§ ASSIGNMENT
Lines from the one containing "Gucci GG Marmont" through the final line of the data, restated word for word and free of pictures, make up the whole answer.

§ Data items
◇ ◇ ◇ ◇

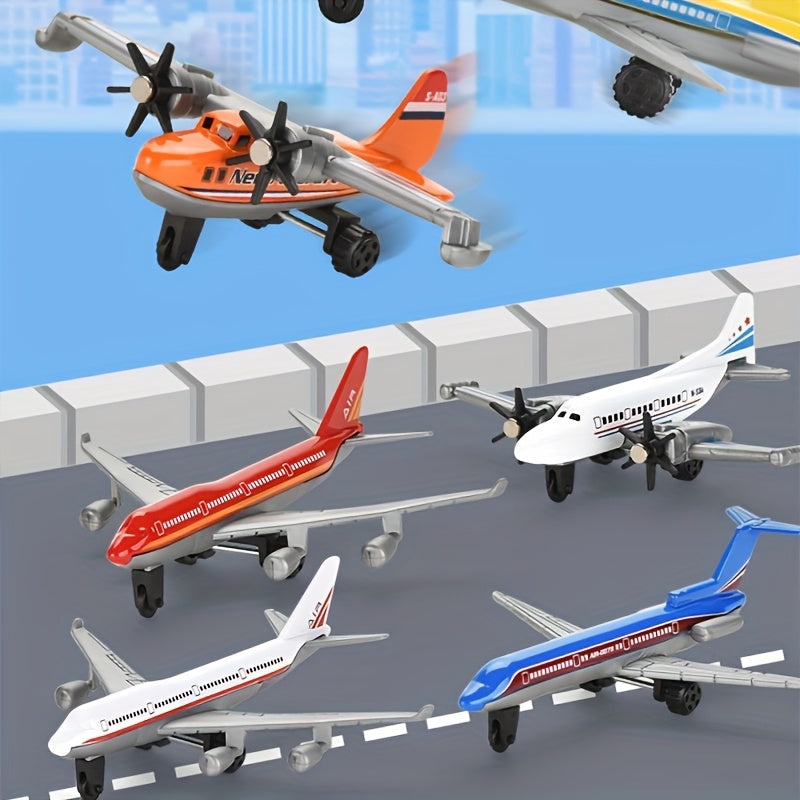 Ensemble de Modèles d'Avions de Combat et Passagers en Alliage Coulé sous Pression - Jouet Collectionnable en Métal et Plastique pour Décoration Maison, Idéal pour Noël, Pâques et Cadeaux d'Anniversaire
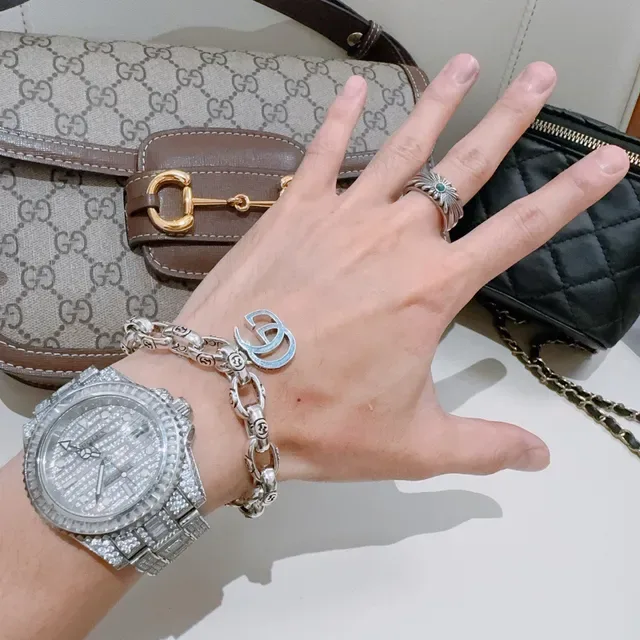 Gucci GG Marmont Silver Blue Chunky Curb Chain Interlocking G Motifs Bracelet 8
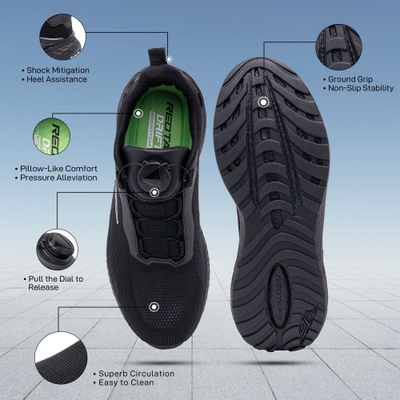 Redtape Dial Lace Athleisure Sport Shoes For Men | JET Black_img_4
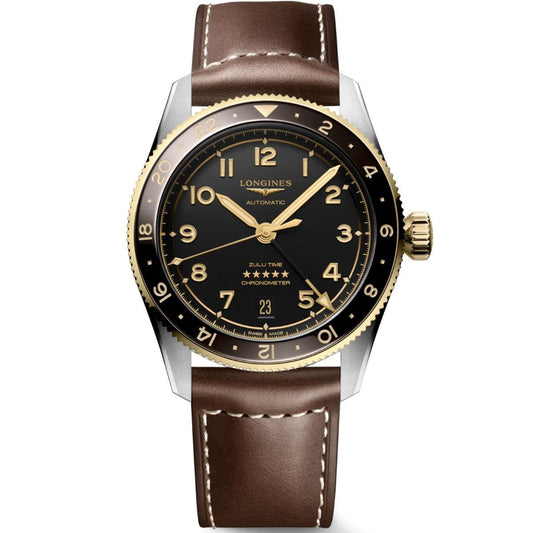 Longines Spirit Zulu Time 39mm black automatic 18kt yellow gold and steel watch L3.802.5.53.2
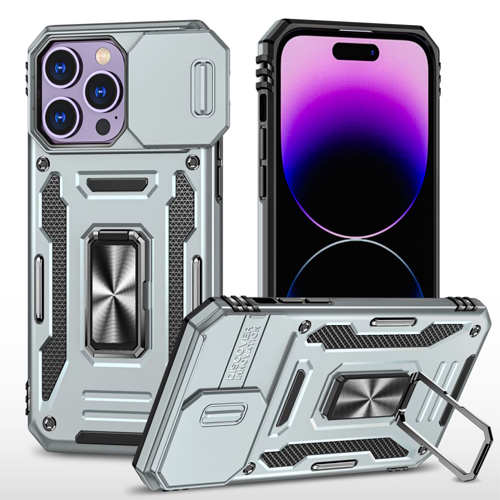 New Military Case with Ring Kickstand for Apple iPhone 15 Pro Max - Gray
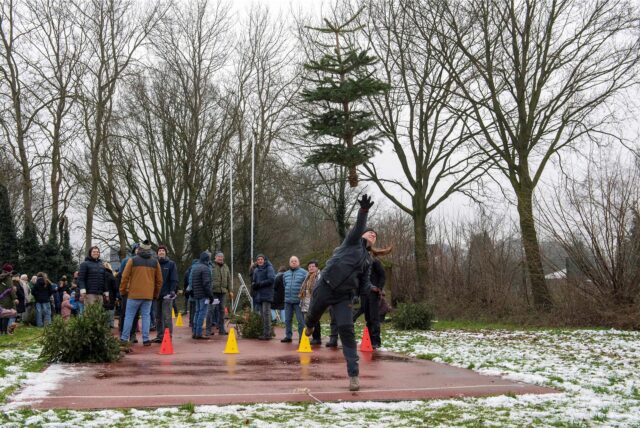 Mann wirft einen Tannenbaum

◇ ◇ ◇ ◇

§ RESPONSE
 Gucci GG Marmont Silver Blue Chunky Curb Chain Interlocking G Motifs Bracelet 8
 Redtape Dial Lace Athleisure Sport Shoes For Men | JET Black_img_4
 Longines Spirit Zulu Time 39mm black automatic 18kt yellow gold and steel watch L3.802.5.53.2
 New Military Case with Ring Kickstand for Apple iPhone 15 Pro Max - Gray
 Mann wirft einen Tannenbaum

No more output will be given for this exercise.